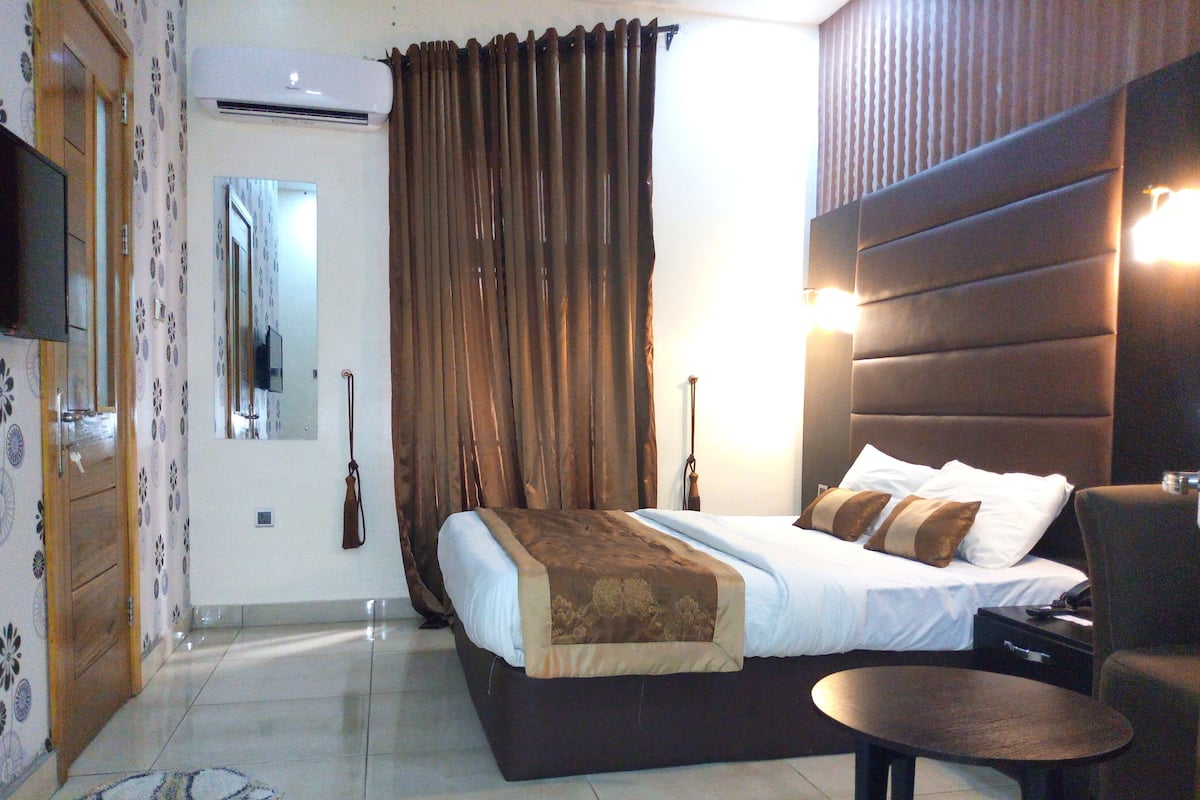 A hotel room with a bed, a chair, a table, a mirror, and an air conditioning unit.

◆ ◆ ◆ ◆ ◆ ◆ ◆

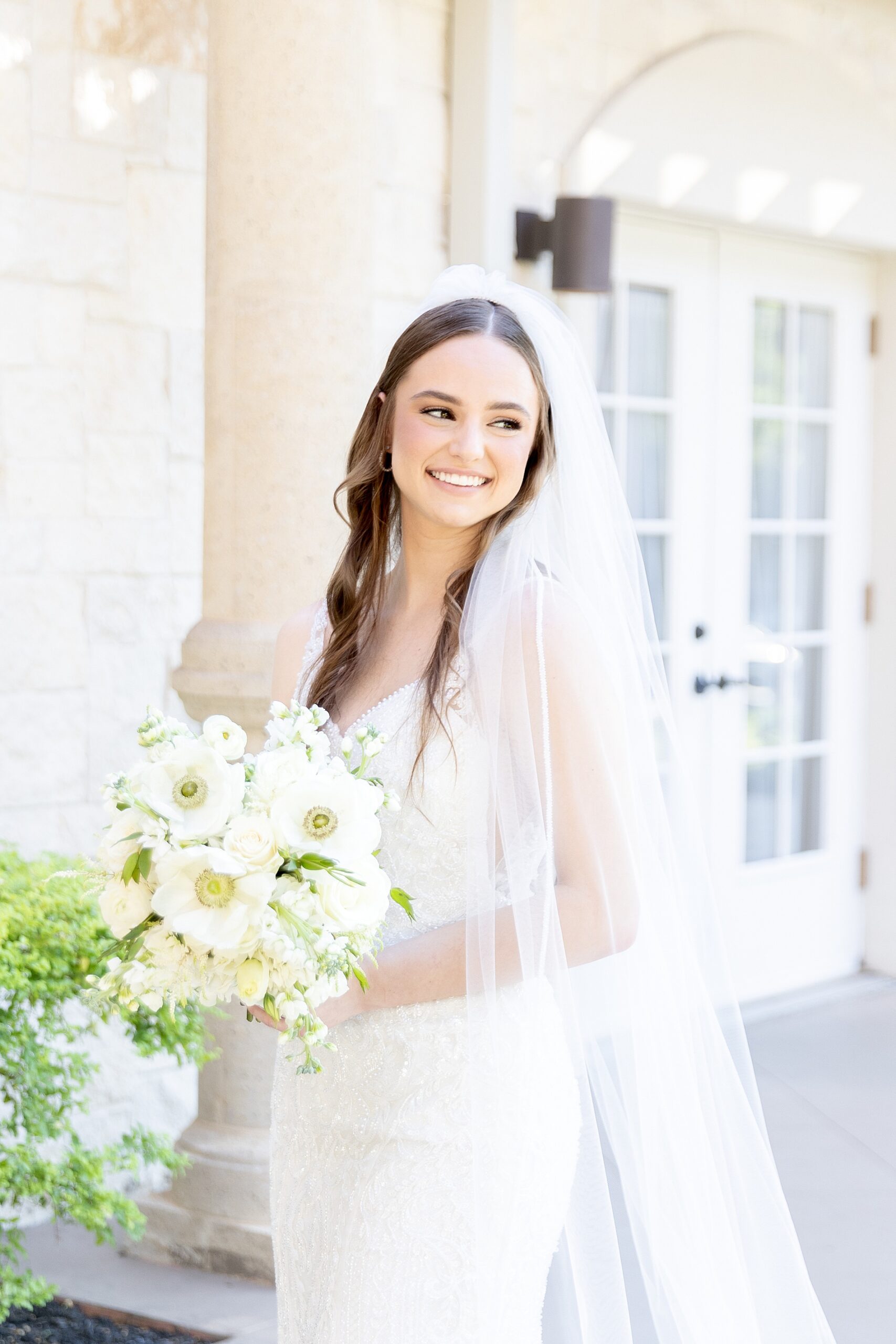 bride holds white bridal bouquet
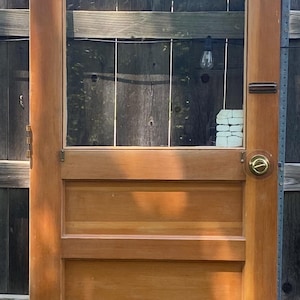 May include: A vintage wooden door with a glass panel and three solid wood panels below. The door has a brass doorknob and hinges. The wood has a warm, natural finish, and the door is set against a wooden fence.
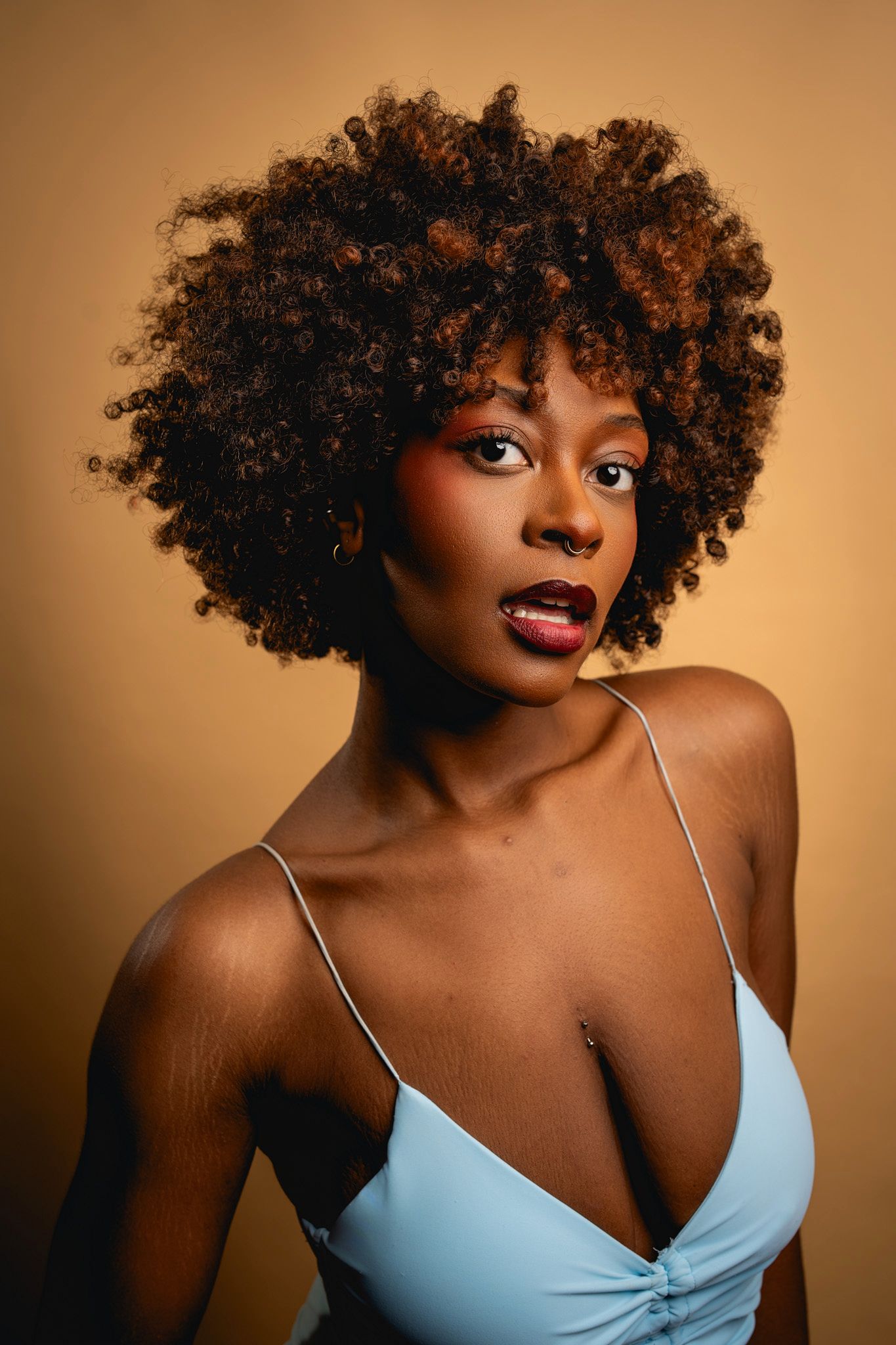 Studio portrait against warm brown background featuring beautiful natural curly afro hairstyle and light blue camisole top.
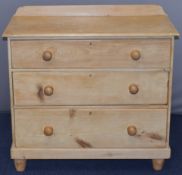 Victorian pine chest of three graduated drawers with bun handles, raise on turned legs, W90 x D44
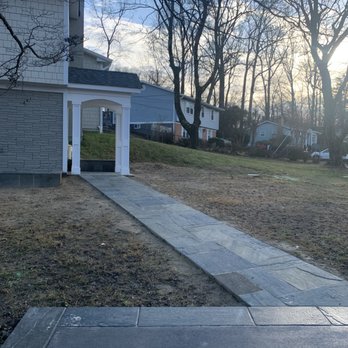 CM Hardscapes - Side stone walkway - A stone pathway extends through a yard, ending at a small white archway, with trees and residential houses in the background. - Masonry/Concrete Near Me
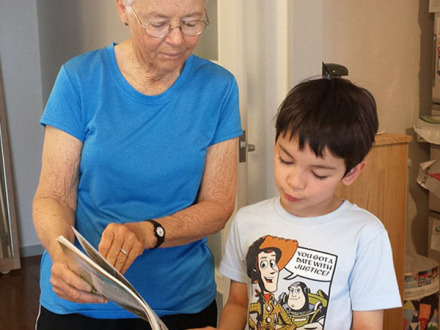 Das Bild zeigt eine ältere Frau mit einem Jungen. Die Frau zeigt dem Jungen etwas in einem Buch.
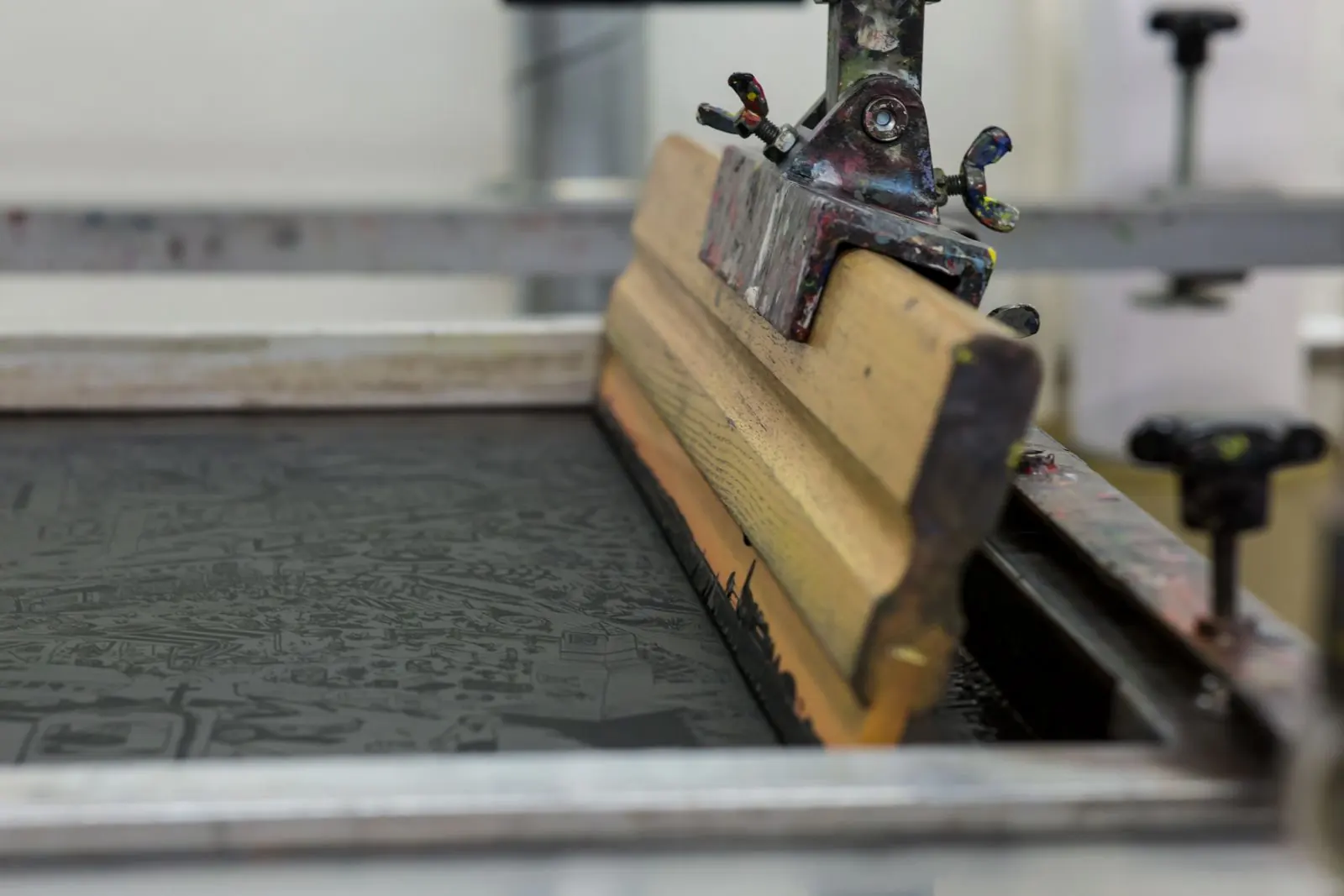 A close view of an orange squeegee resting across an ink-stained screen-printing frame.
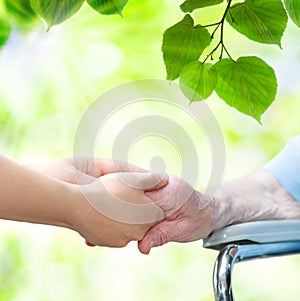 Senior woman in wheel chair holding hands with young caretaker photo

◆ ◆ ◆ ◆ ◆ ◆ ◆

#### [PROBLEM REQUIREMENTS]
Among the entries above, locate the line with "bride holds white bridal bouquet" and the line with "CM Hardscapes - Side". Give those two lines and all lines between them again, exactly, leaving out the pictures.

#### [WRITTEN ANSWER]
 bride holds white bridal bouquet
 May include: A vintage wooden door with a glass panel and three solid wood panels below. The door has a brass doorknob and hinges. The wood has a warm, natural finish, and the door is set against a wooden fence.
 Studio portrait against warm brown background featuring beautiful natural curly afro hairstyle and light blue camisole top.
 Victorian pine chest of three graduated drawers with bun handles, raise on turned legs, W90 x D44
 CM Hardscapes - Side stone walkway - A stone pathway extends through a yard, ending at a small white archway, with trees and residential houses in the background. - Masonry/Concrete Near Me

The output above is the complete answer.